La Commission électorale britannique, qui supervise les élections au Royaume-Uni, avait annoncé en août 2023, sans nommer la Chine, avoir été victime d’une cyberattaque “complexe” de la part d'”acteurs hostiles”, qui ont eu accès à son système pendant plus d’un an entre 2021 et 2022.

L’attaque avait permis d’avoir accès à des serveurs contenant notamment des copies des registres électoraux avec les données de 40 millions d’électeurs, selon les médias britanniques. Mais selon M. Dowden, ces “tentatives d’ingérence dans la démocratie du Royaume-Uni n’ont pas abouti”.

L’intrusion “n’a pas eu d’incidence sur la sécurité des élections” et n’aura “aucun impact sur la manière dont les gens s’inscrivent, votent ou participent aux processus démocratiques”, a-t-il précisé. Mais pour montrer sa fermeté à quelques mois des élections législatives au Royaume-Uni, qui doivent avoir lieu d’ici la fin de l’année, “le ministère des Affaires étrangères convoquera l’ambassadeur chinois pour qu’il rende compte de la conduite de la Chine dans ces incidents”, a déclaré M. Dowden.

“Défi historique”

Deux individus et une organisation vont ainsi faire l’objet de sanctions pour leur “implication dans des cyberactivités malveillantes”, au Royaume-Uni mais aussi ailleurs dans le monde.

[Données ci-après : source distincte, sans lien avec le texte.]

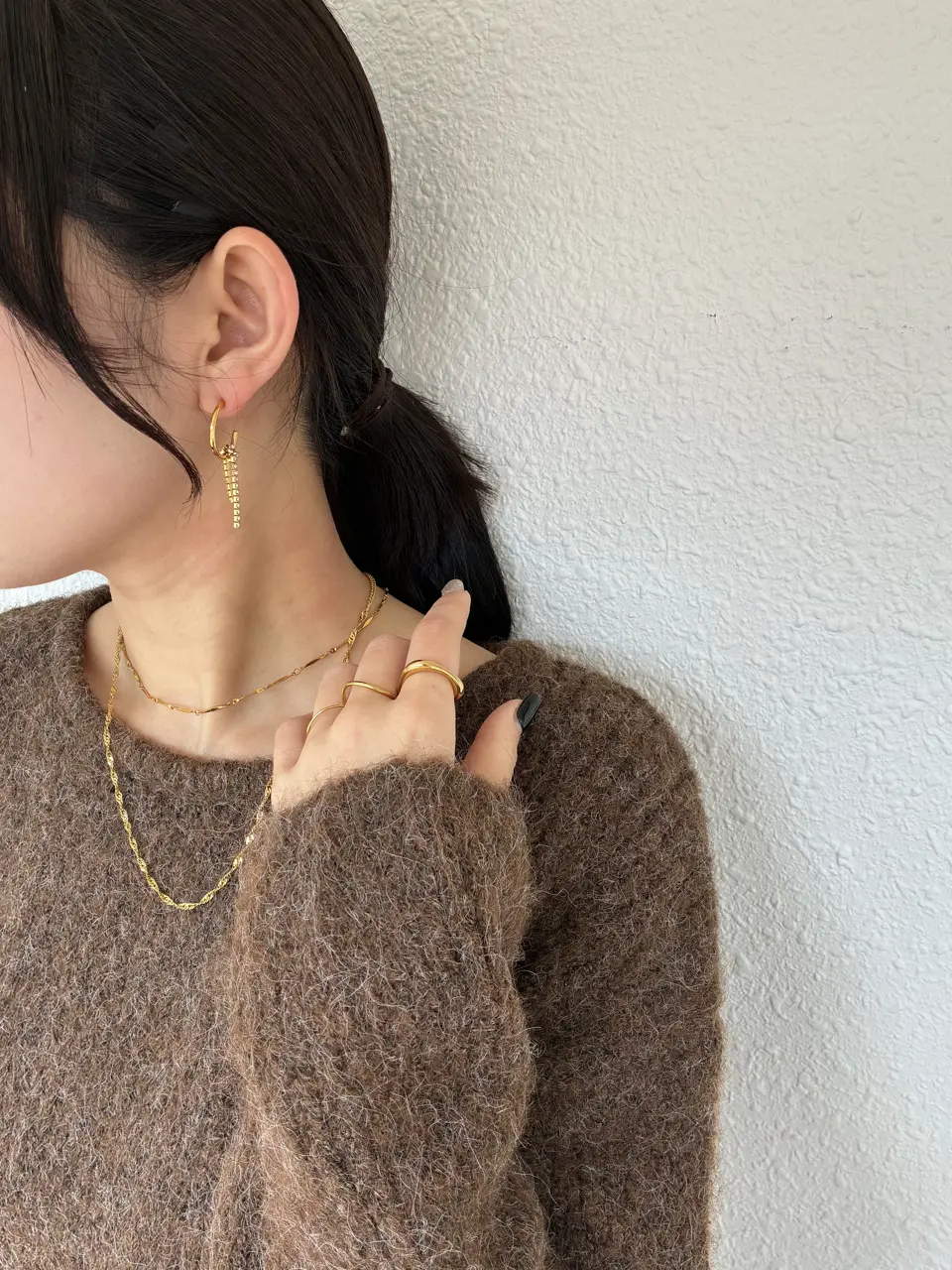 予約販売(2月下旬発送予定)】[ゴールド]ノットビジューピアス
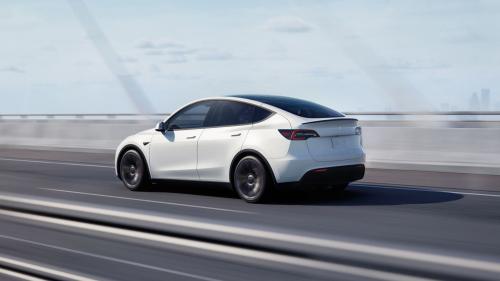 Tesla Model Y Long Range RWD 4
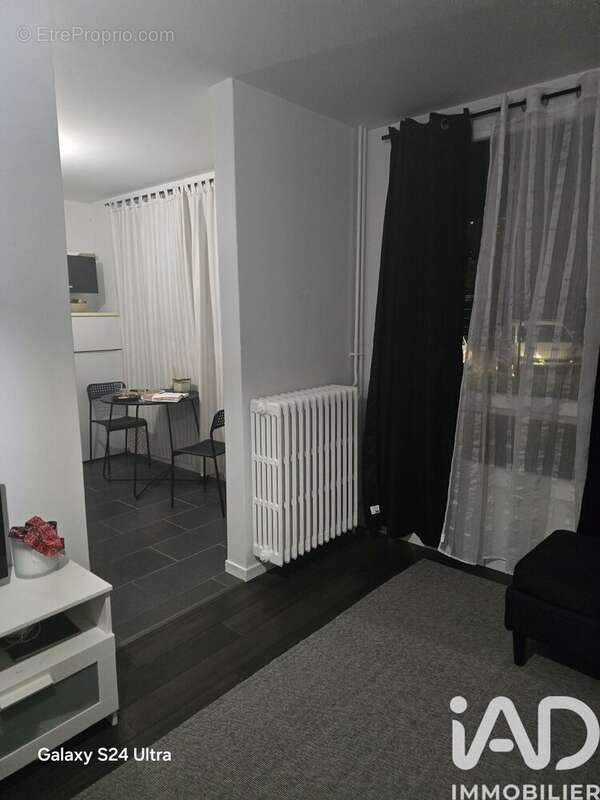 Photo 2 - Appartement à LYON-8E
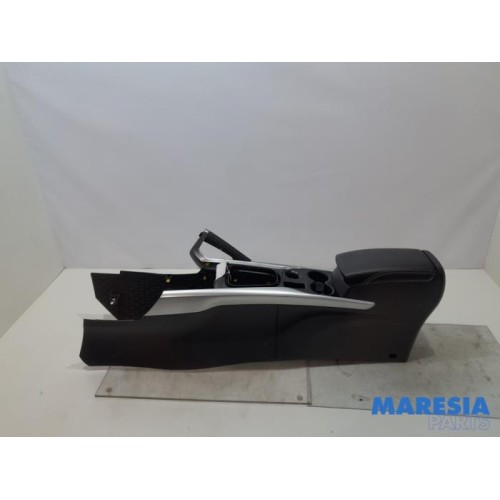 Renault - Kadjar - Armrest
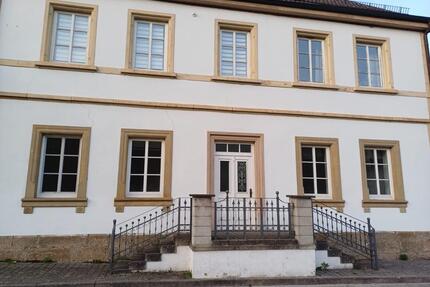 Kusel, moderne Erdgeschosswohnung (100qm) - Sankt Wendel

Il s’agit de Zhao Guangzong et Ni Gaobin, tous les deux membres de l’organisation de pirates informatiques APT31, affiliée à Pékin selon les experts, ainsi que de l’entreprise Wuhan Xiaoruizhi Science and Technology, une “façade” de cette organisation selon le gouvernement britannique.

Ils ont dans le même temps été sanctionnés par les Etats-Unis, a annoncé le ministère américain de la Justice lundi. Zhao Guangzong, Ni Gaobin ainsi que cinq autres ressortissants chinois ont également été inculpés pour “complot en vue de commettre des intrusions informatiques” et “fraudes électroniques”.

En juillet 2021, APT31 aurait ainsi mené des “activités de reconnaissance” afin de trouver des cibles parmi les parlementaires britanniques. “Une campagne de courriers électroniques d’APT31 a été bloquée grâce aux protocoles de cybersécurité du Parlement”, a indiqué M. Dowden.

Interrogé sur ces accusations lundi avant l’annonce, le porte-parole du ministère chinois des Affaires étrangères, Lin Jian, a répondu qu’il fallait se baser sur “des preuves objectives” plutôt que de “diffamer d’autres pays sans base factuelle, sans parler de politiser les questions de cybersécurité”. L’ambassade de Chine a elle fustigé une “action sinistre” de la part de Londres.

Cette accusation visant Pékin “est totalement infondée et constitue une calomnie malveillante”, a-t-elle affirmé dans un communiqué publié sur son site, précisant s’être plainte auprès des autorités britanniques. Se voulant rassurant, le Premier ministre britannique Rishi Sunak a déclaré que le Royaume-Uni ferait “le nécessaire” pour assurer sa sécurité et se protéger face au “défi historique” que pose une Chine “de plus en plus affirmée”.

En septembre 2023, M. Sunak avait déjà dénoncé auprès de son homologue chinois Li Qiang des “interférences” de Pékin au Parlement de Westminster, après la révélation de deux arrestations pour espionnage survenues six mois auparavant. Mais pour certains députés de la majorité comme de l’opposition, la réponse du Royaume-Uni face à la Chine, qui intervient trois ans après ces actes de piratage, reste encore trop modérée.

“La montagne a accouché d’une souris”, a fustigé Iain Duncan Smith, influent député conservateur sanctionné par la Chine pour avoir critiqué le traitement de la minorité musulmane ouïghoure, qui a appelé Londres à sévir en sanctionnant directement des responsables politiques chinois.